- **What is being asked**
From the records below, please print only the lines from the one containing "689716218: Chica busca chico en Madrid" through the one containing "Rihanna Channels The", both included. Skip the pictures.
======== Input data ========
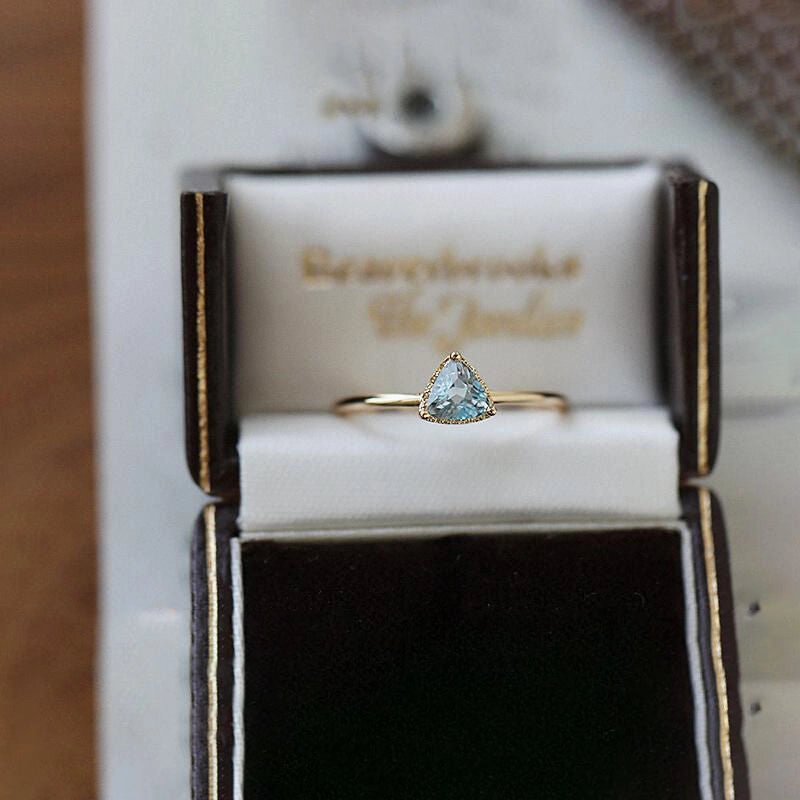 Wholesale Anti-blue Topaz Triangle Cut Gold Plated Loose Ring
========
======== Input data ========
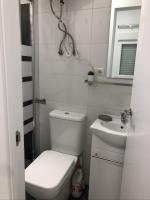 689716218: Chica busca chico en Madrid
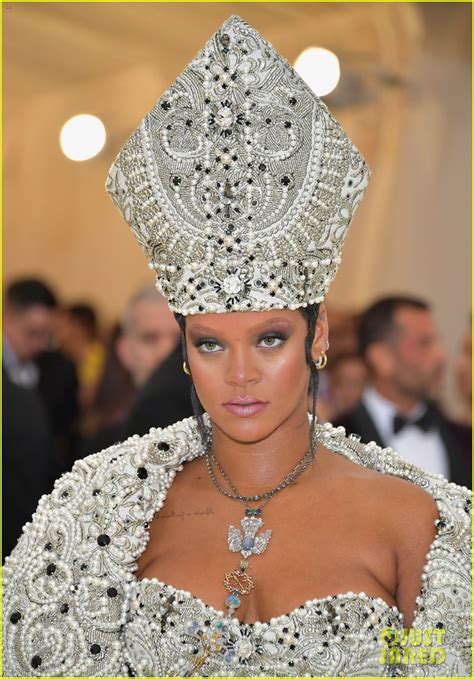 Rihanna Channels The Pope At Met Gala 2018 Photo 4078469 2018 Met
========
======== Input data ========
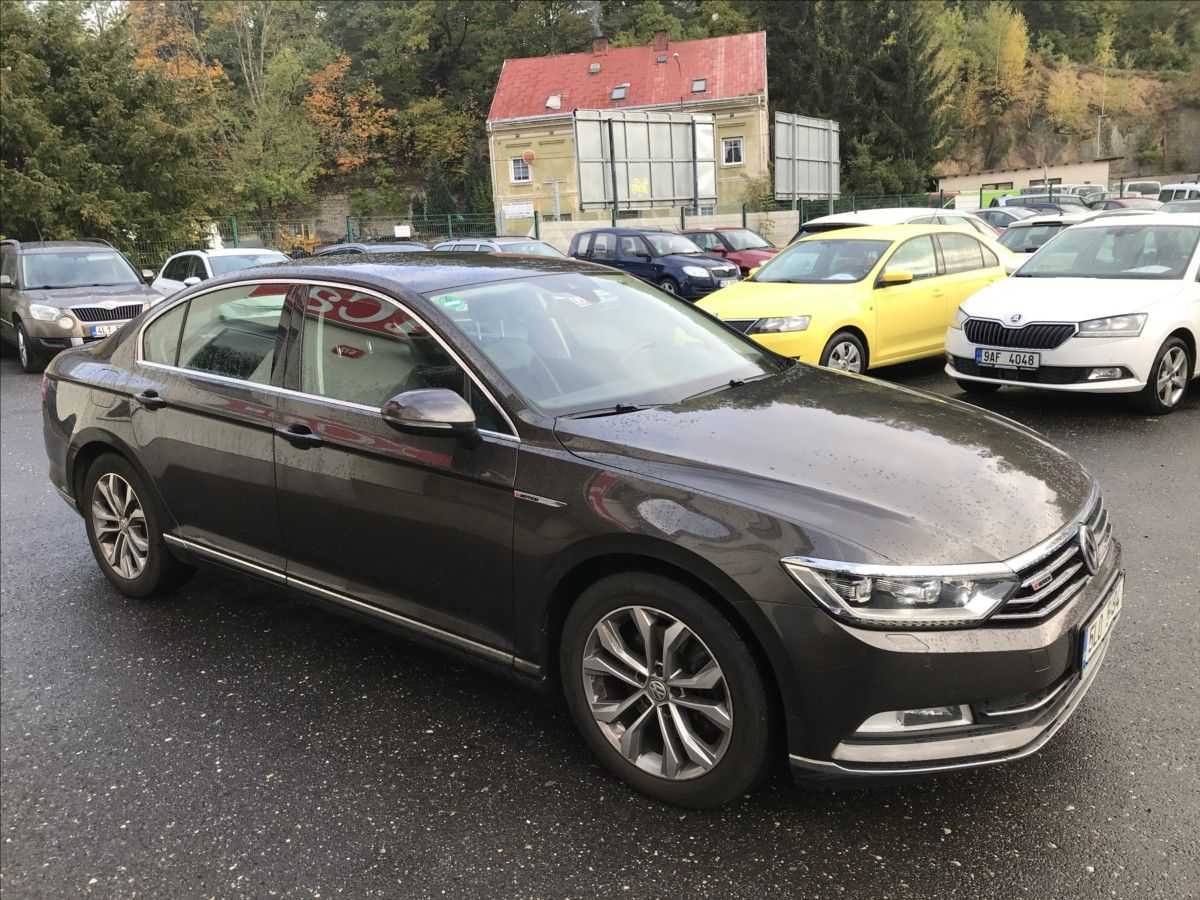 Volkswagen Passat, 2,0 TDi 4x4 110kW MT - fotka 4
========
- **Task solution**
 689716218: Chica busca chico en Madrid
 Rihanna Channels The Pope At Met Gala 2018 Photo 4078469 2018 Met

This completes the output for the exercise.